Problem statement: A single number is required: how many lines in the records below contain "quartos".

Exercise material:

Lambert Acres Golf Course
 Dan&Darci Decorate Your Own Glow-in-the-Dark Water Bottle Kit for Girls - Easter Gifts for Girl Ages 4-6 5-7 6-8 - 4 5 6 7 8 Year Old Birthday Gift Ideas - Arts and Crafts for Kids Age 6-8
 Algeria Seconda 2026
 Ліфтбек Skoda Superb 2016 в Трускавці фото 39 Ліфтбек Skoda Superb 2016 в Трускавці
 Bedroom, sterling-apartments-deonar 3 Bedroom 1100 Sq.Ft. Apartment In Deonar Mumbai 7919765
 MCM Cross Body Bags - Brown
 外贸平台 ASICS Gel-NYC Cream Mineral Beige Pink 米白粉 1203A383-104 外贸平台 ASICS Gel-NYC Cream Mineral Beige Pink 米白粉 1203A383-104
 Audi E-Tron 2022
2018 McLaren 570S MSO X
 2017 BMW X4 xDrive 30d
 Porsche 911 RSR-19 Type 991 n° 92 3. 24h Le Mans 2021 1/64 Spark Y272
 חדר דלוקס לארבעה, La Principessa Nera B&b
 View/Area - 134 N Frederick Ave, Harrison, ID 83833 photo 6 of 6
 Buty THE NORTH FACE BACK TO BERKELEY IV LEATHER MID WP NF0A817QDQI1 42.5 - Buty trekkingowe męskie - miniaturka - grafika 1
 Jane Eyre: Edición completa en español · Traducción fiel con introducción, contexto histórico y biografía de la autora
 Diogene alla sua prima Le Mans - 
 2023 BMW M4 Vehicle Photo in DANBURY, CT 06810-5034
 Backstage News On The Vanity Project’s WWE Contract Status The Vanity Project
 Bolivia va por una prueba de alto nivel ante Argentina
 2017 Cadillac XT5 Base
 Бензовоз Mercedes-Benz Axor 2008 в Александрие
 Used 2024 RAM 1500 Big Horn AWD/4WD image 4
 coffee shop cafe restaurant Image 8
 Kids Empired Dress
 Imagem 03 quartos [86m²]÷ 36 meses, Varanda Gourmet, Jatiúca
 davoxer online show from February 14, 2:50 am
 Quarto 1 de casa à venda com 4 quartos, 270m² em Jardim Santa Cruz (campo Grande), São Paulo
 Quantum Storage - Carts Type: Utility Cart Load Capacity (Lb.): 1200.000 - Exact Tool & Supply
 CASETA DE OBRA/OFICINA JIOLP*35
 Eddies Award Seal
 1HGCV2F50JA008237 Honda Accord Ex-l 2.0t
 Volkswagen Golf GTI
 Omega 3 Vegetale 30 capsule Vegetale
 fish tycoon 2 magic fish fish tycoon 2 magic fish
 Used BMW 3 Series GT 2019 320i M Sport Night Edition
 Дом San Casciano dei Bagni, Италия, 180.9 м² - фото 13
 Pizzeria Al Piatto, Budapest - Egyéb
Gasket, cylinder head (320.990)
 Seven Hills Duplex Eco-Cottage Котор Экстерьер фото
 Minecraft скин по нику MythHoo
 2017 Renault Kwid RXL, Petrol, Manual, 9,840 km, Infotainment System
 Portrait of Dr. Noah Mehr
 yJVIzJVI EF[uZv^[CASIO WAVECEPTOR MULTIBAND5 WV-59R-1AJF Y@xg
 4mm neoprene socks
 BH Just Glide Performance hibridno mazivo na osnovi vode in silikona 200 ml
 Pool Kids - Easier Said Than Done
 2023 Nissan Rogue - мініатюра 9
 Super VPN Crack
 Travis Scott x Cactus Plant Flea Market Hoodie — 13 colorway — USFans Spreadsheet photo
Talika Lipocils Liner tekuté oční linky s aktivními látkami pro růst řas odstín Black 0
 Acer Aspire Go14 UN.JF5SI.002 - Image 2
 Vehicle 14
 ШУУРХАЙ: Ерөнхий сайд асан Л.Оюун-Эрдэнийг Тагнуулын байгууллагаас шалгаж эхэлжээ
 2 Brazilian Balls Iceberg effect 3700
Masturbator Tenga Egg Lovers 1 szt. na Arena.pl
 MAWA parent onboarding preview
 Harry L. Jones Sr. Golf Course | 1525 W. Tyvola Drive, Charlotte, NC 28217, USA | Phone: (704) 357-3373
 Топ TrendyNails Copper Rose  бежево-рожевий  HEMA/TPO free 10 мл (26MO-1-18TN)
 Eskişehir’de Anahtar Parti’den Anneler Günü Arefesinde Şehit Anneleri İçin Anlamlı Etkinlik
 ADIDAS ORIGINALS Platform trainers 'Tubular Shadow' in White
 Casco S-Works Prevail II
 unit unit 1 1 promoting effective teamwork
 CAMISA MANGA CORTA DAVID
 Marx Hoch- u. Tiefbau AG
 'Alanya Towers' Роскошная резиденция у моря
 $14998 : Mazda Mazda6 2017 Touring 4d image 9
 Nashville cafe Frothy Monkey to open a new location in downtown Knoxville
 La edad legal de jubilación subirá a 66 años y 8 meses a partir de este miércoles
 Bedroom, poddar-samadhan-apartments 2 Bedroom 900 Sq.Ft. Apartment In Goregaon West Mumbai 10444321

Exercise answer: 2